◆ Exercise brief:
What is needed is an exact copy of the lines in the listing below, from the one with "静置面团时，将豆沙馅料也称20克1份，备用" up to and including the one with "ചെന്നൈ സബർബൻ ട്രെയിനിൽ", with no other lines.

◆ Input records:
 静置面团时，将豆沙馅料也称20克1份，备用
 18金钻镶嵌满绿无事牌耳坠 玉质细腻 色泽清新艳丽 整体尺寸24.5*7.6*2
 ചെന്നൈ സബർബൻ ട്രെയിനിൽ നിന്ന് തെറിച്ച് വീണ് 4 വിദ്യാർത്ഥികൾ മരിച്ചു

==

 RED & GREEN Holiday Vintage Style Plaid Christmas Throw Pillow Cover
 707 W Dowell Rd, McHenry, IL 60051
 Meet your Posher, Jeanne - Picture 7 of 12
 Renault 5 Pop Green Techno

◆ Answer for the task:
 静置面团时，将豆沙馅料也称20克1份，备用
 18金钻镶嵌满绿无事牌耳坠 玉质细腻 色泽清新艳丽 整体尺寸24.5*7.6*2
 ചെന്നൈ സബർബൻ ട്രെയിനിൽ നിന്ന് തെറിച്ച് വീണ് 4 വിദ്യാർത്ഥികൾ മരിച്ചു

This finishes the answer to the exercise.